The music of each speaks a language. Walter Damrosch, a great man, a great musician, and a great teacher,
is spending his life helping the people of America understand the language of music.
HIS MUSICAL TRAINING
Over fifty years ago in old New York City, a group of music lovers gathered one summer evening to hear a charming program of orchestra music.
Dr. Leopold Damrosch, a noted musician and leader of the orchestra, had placed his own son, Walter, in charge of the cymbals.
Under his father's direction, the fourteen-year-old lad had learned just when to strike together the thin plates of brass.
But on this evening, he grew more and more nervous as the music swelled loudly into a stirring march.
When Dr. Damrosch indicated that it was time for the cymbals to come in, Walter's arms felt paralyzed, and he could not lift them.
So the march swept on to a close without the sharp clash of the cymbals to mark its most exciting moment. Walter's first appearance in an orchestra had been a failure!

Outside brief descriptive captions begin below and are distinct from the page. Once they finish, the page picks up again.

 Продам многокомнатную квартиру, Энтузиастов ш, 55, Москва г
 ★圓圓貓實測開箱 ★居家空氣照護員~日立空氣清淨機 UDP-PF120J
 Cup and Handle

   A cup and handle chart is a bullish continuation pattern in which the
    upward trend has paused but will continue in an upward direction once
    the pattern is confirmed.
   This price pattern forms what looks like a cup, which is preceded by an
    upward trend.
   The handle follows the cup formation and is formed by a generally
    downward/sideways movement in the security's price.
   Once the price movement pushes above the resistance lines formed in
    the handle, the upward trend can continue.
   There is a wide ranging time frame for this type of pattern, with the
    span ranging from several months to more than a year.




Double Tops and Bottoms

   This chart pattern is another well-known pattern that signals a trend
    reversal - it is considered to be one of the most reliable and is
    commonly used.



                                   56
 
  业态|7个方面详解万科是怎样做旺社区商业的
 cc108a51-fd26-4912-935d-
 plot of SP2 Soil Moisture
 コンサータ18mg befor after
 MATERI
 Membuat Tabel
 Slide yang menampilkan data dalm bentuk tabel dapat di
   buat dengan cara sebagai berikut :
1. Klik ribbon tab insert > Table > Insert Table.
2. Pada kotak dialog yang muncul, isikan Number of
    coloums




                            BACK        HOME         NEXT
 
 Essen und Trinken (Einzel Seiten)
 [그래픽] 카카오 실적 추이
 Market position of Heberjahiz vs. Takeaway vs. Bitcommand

Young Damrosch had a musical home. His father played the violin as skillfully as he conducted an orchestra; his mother was a beautiful singer.
Back in Breslau, Prussia, where he had lived before coming to New York City, Walter had begun to take piano lessons before he was nine.
On Sunday afternoons his entire family played and sang together.
Often the leading musicians and composers of Europe visited the simple Damrosch home and filled it with their glorious music.
Franz Liszt, the great Hungarian pianist, Wagner from Germany, who wrote the beautiful opera, Lohengrin, and Rubinstein,
Russia's most celebrated pianist, were some of the famous music masters whom Walter Damrosch met while he was still a child.